Bobby Woodall walks his bike past the burnt-out remains of one of Buckhead investor Rick Warren’s properties in Northwest Atlanta on Thursday afternoon. Ben Gray /

Buckhead investor could face jail over blighted property

UPDATE: The trial for Buckhead real estate investor Rick Warren was pushed back Monday morning so he could hire a criminal attorney to represent him. Warren, who bought up much of an impoversighed west Atlanta neighborhood, was scheduled to face a judge for conditions at a burned-out property near the English Avenue community. He is set for re-arraignment on May 18.

A Buckhead investor who bought up much of an impoverished west Atlanta neighborhood faces possible jail time when he stands trial Monday.

Rick Warren is charged with three counts of violating city housing code because of conditions at a burnt-out, debris-covered property near the English Avenue neighborhood. Violations are usually punished by fines and fees, but city code requires jail time for defendants with four or more convictions.

An Atlanta Journal-Constitution investigation found in November that Warren and various partners had bought up some 10 percent of the houses in and around the community, which is just west of the Falcon’s stadium.
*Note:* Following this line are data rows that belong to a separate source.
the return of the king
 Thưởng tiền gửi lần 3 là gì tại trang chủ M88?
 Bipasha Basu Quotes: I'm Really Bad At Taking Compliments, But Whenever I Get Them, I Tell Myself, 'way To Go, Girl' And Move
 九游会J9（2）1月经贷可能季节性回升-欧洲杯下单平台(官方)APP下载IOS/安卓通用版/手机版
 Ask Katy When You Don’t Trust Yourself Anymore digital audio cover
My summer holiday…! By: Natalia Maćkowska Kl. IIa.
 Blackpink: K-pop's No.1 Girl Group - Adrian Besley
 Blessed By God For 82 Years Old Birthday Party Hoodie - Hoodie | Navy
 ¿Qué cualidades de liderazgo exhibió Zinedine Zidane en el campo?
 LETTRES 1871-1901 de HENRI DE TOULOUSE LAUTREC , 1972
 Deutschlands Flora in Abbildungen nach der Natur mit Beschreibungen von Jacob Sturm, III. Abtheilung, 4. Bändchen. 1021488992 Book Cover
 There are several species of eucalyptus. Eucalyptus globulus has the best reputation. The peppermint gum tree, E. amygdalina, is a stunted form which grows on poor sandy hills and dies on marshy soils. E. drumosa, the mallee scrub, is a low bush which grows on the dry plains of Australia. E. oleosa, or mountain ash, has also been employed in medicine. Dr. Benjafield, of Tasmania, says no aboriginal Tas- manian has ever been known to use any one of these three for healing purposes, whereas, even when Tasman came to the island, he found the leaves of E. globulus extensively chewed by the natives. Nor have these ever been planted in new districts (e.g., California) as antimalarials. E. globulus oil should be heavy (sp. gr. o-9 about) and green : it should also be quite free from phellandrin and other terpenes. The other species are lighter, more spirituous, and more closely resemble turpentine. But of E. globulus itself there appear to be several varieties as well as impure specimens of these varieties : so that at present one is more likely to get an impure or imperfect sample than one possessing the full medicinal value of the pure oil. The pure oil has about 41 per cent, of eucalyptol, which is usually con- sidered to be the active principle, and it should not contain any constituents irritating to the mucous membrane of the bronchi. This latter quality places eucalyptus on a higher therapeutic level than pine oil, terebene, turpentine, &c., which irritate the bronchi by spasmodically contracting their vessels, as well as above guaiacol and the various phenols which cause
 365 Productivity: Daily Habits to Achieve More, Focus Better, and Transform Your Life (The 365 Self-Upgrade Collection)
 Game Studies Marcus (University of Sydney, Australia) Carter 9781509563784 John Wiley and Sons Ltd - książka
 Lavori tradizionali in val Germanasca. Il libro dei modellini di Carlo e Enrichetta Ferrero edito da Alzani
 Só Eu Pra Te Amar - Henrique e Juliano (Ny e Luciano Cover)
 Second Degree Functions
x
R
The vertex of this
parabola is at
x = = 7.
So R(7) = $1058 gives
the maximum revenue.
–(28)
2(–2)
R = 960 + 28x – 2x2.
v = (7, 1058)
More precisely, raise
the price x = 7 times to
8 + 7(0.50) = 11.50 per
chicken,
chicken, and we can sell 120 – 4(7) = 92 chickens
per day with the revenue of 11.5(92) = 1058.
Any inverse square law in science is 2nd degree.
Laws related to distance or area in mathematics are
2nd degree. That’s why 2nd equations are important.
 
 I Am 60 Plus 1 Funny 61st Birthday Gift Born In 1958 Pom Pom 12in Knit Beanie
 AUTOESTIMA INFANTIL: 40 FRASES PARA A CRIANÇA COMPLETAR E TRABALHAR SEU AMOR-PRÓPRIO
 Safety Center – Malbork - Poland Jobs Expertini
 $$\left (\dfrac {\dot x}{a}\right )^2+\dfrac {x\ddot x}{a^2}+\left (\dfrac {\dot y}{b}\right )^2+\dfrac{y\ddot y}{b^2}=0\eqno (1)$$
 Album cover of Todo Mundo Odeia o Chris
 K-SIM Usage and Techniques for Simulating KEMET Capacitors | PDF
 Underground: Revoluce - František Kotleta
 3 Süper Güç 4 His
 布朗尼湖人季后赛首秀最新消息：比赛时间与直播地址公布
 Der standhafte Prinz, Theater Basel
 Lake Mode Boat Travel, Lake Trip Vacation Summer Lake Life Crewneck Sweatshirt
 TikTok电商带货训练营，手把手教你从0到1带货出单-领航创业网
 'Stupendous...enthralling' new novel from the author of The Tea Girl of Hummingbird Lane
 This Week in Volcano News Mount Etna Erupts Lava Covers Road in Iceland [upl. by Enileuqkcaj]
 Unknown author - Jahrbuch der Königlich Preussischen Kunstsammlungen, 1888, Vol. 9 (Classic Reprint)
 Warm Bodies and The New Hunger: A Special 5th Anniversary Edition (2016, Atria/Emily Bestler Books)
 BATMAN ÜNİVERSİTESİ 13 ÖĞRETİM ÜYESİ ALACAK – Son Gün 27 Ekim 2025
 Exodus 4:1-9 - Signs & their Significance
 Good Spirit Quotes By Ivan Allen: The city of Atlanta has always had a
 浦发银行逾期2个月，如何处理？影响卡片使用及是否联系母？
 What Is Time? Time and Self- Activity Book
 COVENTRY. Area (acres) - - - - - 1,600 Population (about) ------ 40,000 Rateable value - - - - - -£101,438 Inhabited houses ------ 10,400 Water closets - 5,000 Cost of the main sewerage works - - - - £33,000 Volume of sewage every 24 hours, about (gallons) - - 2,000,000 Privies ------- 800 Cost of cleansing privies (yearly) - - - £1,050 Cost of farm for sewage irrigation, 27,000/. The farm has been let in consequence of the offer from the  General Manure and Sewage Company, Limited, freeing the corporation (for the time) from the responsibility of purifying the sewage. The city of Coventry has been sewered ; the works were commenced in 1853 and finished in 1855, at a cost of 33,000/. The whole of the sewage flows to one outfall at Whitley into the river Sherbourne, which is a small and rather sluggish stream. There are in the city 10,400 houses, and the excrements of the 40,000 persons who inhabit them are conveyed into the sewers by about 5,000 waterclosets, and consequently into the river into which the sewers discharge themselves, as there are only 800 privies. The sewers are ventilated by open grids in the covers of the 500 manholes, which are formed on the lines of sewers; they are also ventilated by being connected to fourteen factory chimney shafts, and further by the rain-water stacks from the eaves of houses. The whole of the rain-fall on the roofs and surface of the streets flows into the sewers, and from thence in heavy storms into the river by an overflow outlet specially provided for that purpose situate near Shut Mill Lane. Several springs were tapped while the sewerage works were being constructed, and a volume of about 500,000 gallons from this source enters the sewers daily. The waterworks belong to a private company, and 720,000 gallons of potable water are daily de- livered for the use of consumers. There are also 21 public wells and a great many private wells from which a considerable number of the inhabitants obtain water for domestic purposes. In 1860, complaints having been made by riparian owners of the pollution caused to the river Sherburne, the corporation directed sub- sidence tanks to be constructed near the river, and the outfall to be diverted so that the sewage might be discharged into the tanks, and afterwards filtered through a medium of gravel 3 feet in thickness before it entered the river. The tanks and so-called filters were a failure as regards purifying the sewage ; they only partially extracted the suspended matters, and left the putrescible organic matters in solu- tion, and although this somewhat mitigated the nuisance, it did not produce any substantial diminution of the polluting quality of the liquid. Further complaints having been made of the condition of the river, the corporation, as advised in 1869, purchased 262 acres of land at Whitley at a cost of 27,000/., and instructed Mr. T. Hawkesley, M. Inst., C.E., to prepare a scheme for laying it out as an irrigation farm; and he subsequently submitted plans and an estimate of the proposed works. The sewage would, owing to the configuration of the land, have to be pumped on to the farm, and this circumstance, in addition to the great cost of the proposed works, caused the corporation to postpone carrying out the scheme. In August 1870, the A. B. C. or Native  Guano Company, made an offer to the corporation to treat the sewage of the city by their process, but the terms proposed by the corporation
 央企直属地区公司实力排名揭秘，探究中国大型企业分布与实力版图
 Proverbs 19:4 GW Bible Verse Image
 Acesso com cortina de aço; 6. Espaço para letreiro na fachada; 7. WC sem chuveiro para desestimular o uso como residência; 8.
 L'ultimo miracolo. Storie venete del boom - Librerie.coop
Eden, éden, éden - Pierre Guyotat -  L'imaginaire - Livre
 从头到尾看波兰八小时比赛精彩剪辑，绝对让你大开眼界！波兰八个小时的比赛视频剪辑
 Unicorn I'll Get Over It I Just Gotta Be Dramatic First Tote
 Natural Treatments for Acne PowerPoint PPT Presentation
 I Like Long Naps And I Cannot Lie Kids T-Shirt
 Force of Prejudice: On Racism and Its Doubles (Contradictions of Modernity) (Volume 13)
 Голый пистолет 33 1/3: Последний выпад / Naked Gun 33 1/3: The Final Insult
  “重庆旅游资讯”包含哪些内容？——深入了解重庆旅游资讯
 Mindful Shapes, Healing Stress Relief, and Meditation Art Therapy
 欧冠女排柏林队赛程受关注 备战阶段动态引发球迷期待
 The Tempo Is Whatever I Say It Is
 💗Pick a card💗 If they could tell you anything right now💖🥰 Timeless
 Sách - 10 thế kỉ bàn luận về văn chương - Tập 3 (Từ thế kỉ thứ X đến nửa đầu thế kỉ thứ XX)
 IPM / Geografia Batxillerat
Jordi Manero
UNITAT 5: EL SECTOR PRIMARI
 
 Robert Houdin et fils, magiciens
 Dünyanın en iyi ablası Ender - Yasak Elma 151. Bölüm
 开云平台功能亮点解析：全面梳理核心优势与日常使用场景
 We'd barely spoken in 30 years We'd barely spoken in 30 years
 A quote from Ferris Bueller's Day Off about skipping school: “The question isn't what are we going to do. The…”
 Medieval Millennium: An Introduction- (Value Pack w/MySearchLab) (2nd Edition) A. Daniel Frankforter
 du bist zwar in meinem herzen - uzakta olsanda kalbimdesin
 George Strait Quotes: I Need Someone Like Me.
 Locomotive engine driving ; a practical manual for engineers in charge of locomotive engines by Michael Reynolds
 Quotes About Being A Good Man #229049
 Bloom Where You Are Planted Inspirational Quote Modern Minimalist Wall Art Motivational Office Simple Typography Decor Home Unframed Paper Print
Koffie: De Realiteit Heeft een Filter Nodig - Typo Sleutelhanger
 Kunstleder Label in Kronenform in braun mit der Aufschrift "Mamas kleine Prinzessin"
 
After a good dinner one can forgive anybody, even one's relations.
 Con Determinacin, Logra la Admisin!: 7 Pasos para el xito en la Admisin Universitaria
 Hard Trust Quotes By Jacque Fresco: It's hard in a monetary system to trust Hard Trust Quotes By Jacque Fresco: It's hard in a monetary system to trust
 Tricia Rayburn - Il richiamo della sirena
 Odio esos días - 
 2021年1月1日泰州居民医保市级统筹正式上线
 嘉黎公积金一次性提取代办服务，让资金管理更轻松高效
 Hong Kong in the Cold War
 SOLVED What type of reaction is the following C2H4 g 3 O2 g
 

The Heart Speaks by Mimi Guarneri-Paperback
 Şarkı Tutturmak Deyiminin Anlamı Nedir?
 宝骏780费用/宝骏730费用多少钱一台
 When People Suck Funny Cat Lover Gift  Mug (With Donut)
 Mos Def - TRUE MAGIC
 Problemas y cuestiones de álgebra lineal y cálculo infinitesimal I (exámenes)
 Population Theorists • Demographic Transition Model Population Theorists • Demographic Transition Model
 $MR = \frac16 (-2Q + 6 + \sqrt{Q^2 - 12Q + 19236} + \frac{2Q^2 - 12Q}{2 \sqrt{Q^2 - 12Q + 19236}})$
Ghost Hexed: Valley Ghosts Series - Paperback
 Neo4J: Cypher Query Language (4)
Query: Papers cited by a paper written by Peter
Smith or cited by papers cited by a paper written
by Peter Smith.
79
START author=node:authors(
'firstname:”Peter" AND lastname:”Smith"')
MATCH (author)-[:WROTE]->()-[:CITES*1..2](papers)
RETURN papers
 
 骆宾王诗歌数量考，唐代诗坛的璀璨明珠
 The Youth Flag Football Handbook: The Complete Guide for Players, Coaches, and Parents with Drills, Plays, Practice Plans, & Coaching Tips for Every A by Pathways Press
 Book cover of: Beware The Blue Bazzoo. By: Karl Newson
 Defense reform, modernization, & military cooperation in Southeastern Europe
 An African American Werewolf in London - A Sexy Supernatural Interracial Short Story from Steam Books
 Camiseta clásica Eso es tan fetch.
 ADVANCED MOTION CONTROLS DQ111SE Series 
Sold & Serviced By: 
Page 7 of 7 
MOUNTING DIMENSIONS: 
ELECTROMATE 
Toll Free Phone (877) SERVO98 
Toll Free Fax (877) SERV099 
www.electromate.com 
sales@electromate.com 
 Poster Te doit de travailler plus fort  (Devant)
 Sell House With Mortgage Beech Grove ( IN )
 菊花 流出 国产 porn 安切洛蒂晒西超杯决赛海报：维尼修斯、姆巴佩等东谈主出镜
Experts said this is an unprecedented share for a neighborhood in a major city.

Residents complained they were overwhelmed by filth and crime at his derelict houses, and Mayor Kasim Reed said Warren is worsening conditions in historic neighborhoods that already are struggling.

“While residents in these communities continue to work to restore their neighborhoods, Warren has consistently paid little to no regard to their quality of life and the impact of his business practices,” Reed said in a written statement Friday. “His vacant and abandoned properties continue to leave a trail of blight, and we will not allow this behavior to continue.”

Warren’s attorney did not immediately return a call for comment.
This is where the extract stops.